あとは、コミュニケーションの違いもありそう。フランスでは、たとえばレストランで隣のテーブルになった人と、ちょっと目が合ったら挨拶代わりにニコッとしたり、やってきたときや去り際に、「こんばんは」「よい夜を!」などと投げかけることもあるわね。
日本女性とフランス女性の違い
くみ:日本では、カウンター席で一緒になって、お店の人を介して話が弾むこともあるけれど、違うテーブル同士でこのように気軽に挨拶する、ということは、あまりない気がするの。知らない人には、基本的に話しかけないし、目も合わせないのが普通なんじゃないかしら。

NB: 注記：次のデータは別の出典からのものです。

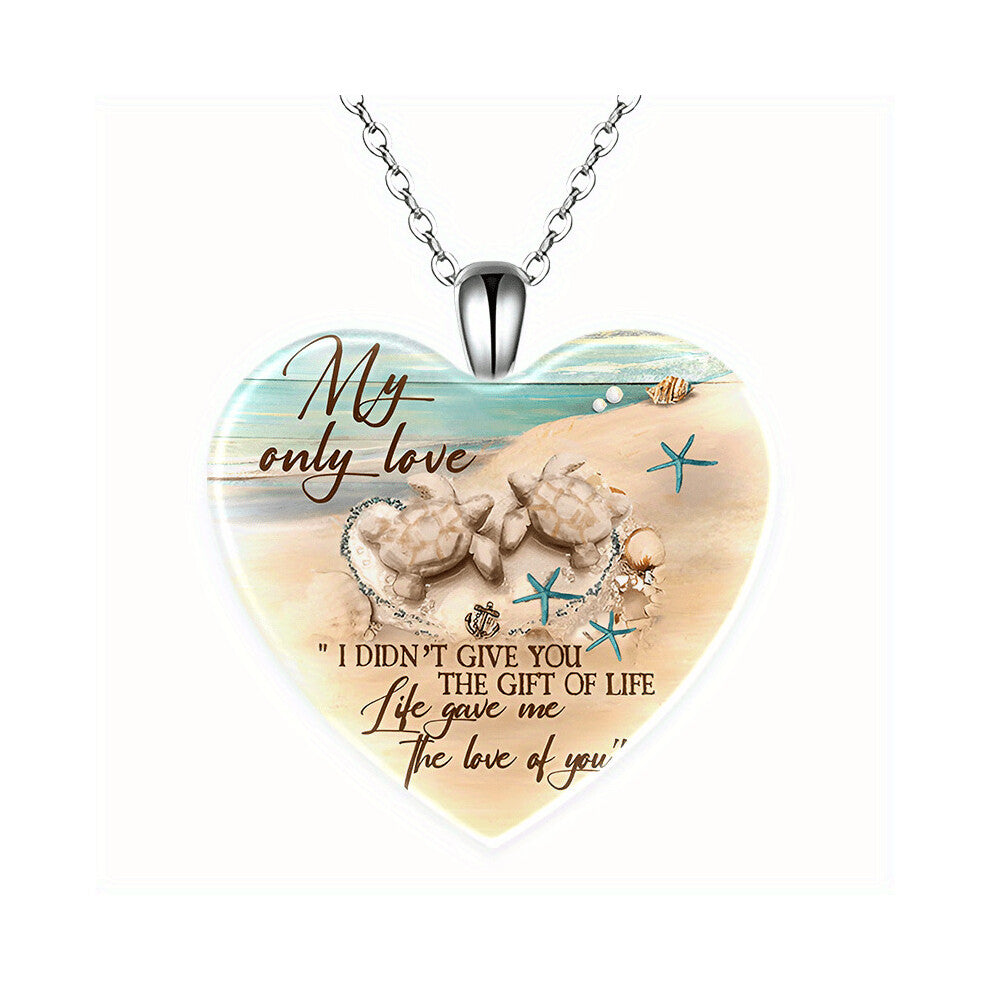 Creative Turtle Pattern Heart Shaped Pendant Necklace Decorative Accessories For Holiday Party Birthday Gift Mens Accessories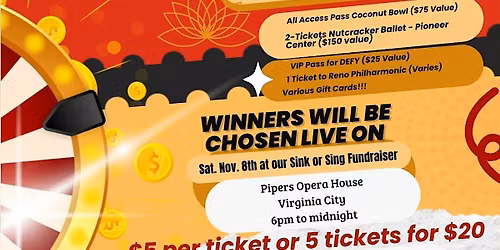 Buy Your Raffle Tickets here for Sink or Sing Fundraiser
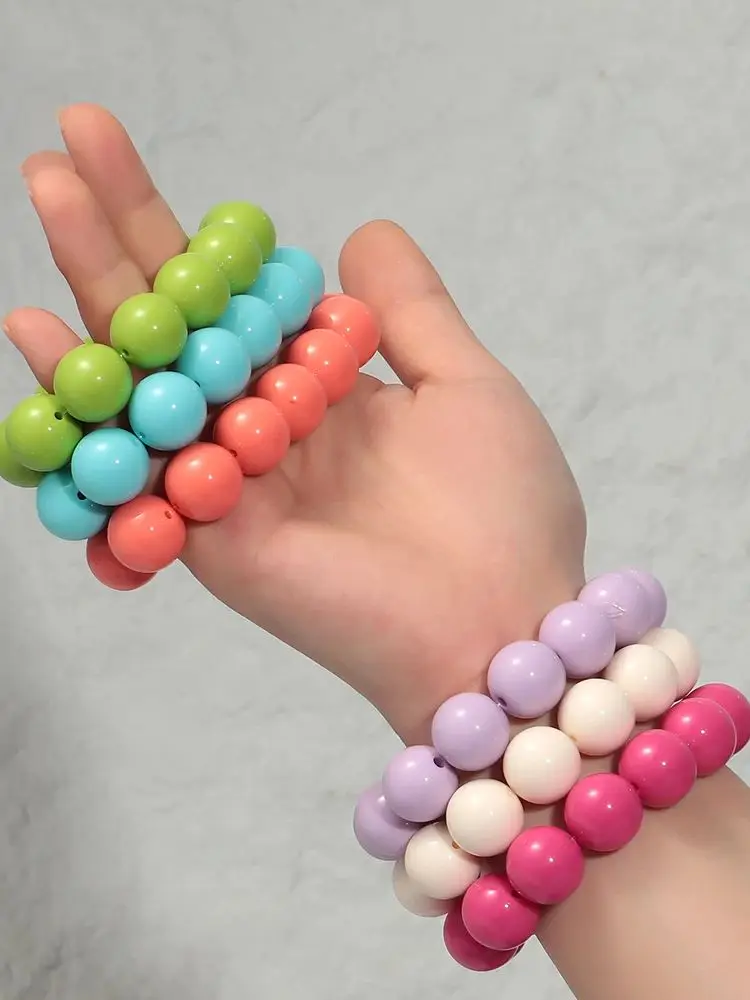 Bohomia Trend Acryl Ontwerp Geometrische Ronde Bal Elastische Armband voor Vrouwen Onregelmatige Kleurrijke Armbanden 2025 Sieraden - afbeelding 2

割り勘の話も印象的だったけど、男女平等というからには、フランスでは逆に女性に求められることも多い気もするわ。私の両親の日本の友人などは、夫に不満があって慰謝料をある程度請求できても女性がその後食べていけないから、という理由で離婚を選択せず、表面的な結婚生活を続けている人も少なくないと聞いたわ。
一方、フランスで育った日本人女性は、フランスの中高時代、将来1人でも自活できる基盤を築くのが重要事項だと叩き込まれたと言っていた。女性側が受け身で養われる存在だと女性の立場も不安定で弱くなってしまうけれど、その状態から抜け出すには女性自身が誰にも頼らず生きていけるだけの力を身に付ける必要があるのよね。
エマニュエル:そう考えると、フランスでは男性は女性に接するときはレディファーストにおける女性を女性らしく扱う精神と、フェミニズム的な男女平等の精神をうまく混ぜ合わせることを理想とするのかな。
でもその程よいバランスを見つけるのは男性にとっては正直そんな簡単ではないんだよ。だから賛否ある #MeToo運動だけど、女性が告発して初めて男性側が気づかされることもあるわけで、これが理想的な男女の接し方をお互いが見つけることにつながると思うんだ。